İbn Kasiy bu işte kısmen muvaffak olmuştu. Çünkü Lumtûne (kabilesi), Muvahhidlerin hareketinden gelen sıkıntılar ve çıkardıkları karışıklıklarla meşguldü. Onu, bu teşebbüsten vazgeçirebilecek başka asabeler ve kabileler de ortada mevcut değildi. Lakin Muvahhidler Mağrib’i istila ettikleri zaman, derhal onlara teslimiyet gösterme ihtiyacı hissetti, (hakimiyetlerini kabul etme yolundaki) davetlerine dahil olarak, karargah haline getirdiği Erkeçe (Arcıs) kalesinden onlara tabi olmayı benimsedi. Kendisinin bulunduğu cephede ve bölgede hakimiyetlerini yerleştirdi, onlar adına Endülüs’te halkı ilk defa davet eden de o oldu. (Muvahhidlere boyun eğmeden önceki) isyanına, ‘Murabıtların ihtilali’ adı verilmişti.
Halktan ve fakihlerden, münker ve kötü olanı değiştirme işine girişen ihtilalcilerin halleri de bu çeşittendir. Kendine ibadeti şiar edinen ve dinin istediği yollarda yürüyen şahısların birçoğu, zalim ve gaddar ümeraya karşı ayaklanma cihetine gitmişler, Allah’tan sevap umarak marufu emr, münkeri nehy ve tağyir için halkı davet ederek (zulme) başkaldırmışlardır. Bu yüzden kendilerine tabi olanlar artmış, peşlerine takılan kalabalıklar ve insan sürüleri çoğalmıştı. Bunlar, bu uğurda kendilerini tehlikelere atmış, çoğu sevap alarak değil, vebal altına girerek bu yolda mahvolmuşlardır.
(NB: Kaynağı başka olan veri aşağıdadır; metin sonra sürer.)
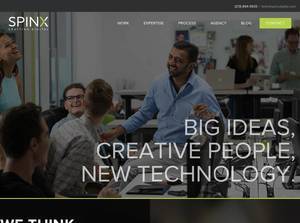Spinxdigital.com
Çünkü Yüce Allah bu hususu (ihtilal ve isyanı) kendilerine farz kılmamıştır.”
Rüya safsatalarıyla, keramet istismarlarıyla uğraşmak nefislerine daha hoş geldiğinden, İbn Haldun’dan aktardığımız bu bilgileri biliyor olsalar bile bunlara ibret ile itibar etmeyecek olanlar için aslında söylenecek hiçbir şey yoktur.
Zira Müslümanın haşerat tarafından sokulduğu bir delikten bir daha sokulmayacağına dair Peygamber sözünün süreyya yıldızı gibi kayıtlarda parladığını bildikleri halde, her delikten sokulmaya teşne olanları davul zurna ile uyarmak bile kâr etmez.
Ancak yine de FETÖ vakası planında, potansiyel tehlikeleri Müslümanlara hatırlatmak kaçınılmayacak bir görevdir.
N’ola bu görev ifa edilirken, ilgili örnekler de sıcak bir durum olan FETÖ vakasından seçilebilse.
Ama bunun için yazımızın girişinde belirttiğimiz iki husus ile onu açan diğer iki maddenin tüm açık-seçikliğiyle konuşulabilmesi gerekir.
Umuyoruz ki, inşallah zamanla bu işin üstesinden de gelinecektir.